## Requirement
With the material below, print exactly the lines between the line holding "Normaluz Rd797000 - Señal" and the line holding "Custom Black Red-White", inclusive. Add nothing else.

## Data shown

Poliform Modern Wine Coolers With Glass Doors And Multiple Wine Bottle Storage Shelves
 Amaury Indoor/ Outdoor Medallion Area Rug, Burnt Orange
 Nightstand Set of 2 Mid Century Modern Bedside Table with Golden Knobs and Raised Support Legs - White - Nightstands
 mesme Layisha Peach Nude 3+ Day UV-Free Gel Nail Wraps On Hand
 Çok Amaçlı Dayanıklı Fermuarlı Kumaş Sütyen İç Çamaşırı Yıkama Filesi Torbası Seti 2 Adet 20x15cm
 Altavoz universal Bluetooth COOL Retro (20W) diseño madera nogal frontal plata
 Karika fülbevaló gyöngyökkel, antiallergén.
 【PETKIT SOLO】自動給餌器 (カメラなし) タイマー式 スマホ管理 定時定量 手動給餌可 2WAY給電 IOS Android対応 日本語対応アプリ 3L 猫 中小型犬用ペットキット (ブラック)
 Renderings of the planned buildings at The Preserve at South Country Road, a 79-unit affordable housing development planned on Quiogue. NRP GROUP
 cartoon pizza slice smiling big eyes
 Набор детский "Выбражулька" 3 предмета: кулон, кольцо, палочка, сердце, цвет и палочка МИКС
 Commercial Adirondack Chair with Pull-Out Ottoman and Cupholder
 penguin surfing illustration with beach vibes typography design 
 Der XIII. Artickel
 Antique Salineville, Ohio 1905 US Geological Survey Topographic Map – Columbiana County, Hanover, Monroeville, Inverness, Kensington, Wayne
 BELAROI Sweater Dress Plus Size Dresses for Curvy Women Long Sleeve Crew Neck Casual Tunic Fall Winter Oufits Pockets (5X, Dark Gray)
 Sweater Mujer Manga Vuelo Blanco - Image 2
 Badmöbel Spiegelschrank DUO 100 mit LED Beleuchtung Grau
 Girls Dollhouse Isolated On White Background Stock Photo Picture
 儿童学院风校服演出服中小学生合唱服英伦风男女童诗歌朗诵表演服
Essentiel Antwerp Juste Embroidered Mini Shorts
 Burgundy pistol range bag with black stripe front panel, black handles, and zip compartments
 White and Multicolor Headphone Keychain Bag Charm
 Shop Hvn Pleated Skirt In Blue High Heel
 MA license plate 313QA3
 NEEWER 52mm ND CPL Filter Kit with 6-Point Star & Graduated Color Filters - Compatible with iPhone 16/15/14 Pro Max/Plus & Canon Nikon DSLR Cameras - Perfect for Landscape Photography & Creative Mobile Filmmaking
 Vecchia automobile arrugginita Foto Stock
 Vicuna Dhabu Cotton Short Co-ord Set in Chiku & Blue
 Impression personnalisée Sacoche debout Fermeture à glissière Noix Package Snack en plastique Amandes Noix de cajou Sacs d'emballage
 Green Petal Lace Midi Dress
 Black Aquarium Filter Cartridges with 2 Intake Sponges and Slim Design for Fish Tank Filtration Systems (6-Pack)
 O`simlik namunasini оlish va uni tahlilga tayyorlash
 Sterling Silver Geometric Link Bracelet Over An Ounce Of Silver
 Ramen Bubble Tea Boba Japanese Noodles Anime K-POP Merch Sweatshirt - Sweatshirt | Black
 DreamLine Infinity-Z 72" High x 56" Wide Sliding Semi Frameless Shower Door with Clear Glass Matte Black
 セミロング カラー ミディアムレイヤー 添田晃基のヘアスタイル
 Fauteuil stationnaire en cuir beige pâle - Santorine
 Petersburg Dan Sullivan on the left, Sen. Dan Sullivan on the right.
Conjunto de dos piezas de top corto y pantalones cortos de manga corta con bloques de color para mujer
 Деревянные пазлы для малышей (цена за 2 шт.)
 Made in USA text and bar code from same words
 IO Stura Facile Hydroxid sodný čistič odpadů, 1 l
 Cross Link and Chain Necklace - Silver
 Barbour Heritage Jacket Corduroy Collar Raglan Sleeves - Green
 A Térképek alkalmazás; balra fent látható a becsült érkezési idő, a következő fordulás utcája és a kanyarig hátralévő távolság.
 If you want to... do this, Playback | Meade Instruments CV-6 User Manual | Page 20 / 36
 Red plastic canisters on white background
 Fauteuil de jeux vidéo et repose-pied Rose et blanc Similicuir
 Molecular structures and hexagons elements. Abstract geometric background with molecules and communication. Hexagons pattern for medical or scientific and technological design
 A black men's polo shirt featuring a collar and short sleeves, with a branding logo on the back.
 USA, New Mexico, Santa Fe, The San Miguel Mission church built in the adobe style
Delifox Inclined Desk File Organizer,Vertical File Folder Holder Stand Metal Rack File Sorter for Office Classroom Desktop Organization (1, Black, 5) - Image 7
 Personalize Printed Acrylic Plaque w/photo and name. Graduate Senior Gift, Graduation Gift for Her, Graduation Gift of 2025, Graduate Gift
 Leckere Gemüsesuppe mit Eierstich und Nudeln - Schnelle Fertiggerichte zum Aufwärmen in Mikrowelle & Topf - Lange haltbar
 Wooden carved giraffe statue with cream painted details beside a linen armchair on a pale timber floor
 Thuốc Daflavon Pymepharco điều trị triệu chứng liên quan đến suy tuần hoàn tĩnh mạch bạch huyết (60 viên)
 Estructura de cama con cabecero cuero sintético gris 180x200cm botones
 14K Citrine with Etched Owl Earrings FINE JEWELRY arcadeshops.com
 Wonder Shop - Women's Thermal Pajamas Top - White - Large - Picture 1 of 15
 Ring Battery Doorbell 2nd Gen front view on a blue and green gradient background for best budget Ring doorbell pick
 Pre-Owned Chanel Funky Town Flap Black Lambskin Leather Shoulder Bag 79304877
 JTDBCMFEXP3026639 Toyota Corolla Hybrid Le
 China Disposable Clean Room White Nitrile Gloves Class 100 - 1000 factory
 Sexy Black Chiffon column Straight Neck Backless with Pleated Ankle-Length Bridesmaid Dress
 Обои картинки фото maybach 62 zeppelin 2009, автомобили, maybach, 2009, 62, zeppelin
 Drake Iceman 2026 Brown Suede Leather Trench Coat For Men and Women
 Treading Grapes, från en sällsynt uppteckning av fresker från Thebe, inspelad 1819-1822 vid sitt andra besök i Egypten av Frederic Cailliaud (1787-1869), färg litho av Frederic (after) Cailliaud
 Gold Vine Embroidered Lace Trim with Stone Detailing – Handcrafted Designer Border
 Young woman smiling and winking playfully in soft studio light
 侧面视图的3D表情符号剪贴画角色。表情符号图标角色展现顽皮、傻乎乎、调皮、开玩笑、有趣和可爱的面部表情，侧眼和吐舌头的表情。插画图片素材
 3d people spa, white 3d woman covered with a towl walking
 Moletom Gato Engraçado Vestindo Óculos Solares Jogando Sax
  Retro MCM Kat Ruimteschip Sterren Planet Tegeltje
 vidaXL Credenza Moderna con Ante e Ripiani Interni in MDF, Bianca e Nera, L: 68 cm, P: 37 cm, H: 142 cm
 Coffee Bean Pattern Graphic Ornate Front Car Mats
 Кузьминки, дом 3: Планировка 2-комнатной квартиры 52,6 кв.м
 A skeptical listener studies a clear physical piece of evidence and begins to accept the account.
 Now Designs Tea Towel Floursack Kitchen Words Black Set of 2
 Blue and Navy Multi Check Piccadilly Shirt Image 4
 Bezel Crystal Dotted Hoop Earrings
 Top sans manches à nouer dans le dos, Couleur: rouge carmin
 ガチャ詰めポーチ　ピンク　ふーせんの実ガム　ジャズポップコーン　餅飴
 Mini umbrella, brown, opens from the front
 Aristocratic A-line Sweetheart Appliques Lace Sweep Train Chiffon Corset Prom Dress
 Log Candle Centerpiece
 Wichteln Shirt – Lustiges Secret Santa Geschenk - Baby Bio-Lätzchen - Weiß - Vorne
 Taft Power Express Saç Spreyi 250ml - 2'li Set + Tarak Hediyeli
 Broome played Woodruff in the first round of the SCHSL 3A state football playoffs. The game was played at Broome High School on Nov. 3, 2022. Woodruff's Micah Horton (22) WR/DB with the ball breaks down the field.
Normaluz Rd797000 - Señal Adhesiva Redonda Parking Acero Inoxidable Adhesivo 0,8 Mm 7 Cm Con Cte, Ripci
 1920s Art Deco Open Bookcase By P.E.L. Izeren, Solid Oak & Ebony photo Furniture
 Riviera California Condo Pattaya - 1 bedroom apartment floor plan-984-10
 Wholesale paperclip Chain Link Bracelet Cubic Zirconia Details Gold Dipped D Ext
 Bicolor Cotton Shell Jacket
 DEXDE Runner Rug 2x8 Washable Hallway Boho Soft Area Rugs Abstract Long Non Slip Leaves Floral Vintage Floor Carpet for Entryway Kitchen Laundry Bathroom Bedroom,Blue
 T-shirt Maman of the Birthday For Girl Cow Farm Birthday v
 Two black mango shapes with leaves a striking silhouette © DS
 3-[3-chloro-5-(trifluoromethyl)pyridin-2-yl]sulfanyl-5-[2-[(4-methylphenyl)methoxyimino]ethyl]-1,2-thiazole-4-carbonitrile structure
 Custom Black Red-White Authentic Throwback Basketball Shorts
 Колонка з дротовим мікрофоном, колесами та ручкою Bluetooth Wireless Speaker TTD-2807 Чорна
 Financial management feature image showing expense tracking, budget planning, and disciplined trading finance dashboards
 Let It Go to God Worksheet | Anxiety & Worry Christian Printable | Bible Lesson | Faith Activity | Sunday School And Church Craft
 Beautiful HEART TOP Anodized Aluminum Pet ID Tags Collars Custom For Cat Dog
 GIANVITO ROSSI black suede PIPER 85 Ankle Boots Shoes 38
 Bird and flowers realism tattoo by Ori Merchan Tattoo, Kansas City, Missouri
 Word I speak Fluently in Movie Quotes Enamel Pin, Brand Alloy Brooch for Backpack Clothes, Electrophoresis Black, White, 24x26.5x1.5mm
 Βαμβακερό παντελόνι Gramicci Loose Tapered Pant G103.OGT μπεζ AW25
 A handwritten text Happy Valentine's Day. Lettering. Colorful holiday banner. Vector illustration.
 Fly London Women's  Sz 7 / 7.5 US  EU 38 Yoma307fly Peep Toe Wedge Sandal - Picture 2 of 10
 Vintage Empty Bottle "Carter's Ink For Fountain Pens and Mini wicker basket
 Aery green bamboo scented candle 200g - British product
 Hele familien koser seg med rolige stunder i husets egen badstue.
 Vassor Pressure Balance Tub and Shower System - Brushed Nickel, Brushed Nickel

## Completed task
Normaluz Rd797000 - Señal Adhesiva Redonda Parking Acero Inoxidable Adhesivo 0,8 Mm 7 Cm Con Cte, Ripci
 1920s Art Deco Open Bookcase By P.E.L. Izeren, Solid Oak & Ebony photo Furniture
 Riviera California Condo Pattaya - 1 bedroom apartment floor plan-984-10
 Wholesale paperclip Chain Link Bracelet Cubic Zirconia Details Gold Dipped D Ext
 Bicolor Cotton Shell Jacket
 DEXDE Runner Rug 2x8 Washable Hallway Boho Soft Area Rugs Abstract Long Non Slip Leaves Floral Vintage Floor Carpet for Entryway Kitchen Laundry Bathroom Bedroom,Blue
 T-shirt Maman of the Birthday For Girl Cow Farm Birthday v
 Two black mango shapes with leaves a striking silhouette © DS
 3-[3-chloro-5-(trifluoromethyl)pyridin-2-yl]sulfanyl-5-[2-[(4-methylphenyl)methoxyimino]ethyl]-1,2-thiazole-4-carbonitrile structure
 Custom Black Red-White Authentic Throwback Basketball Shorts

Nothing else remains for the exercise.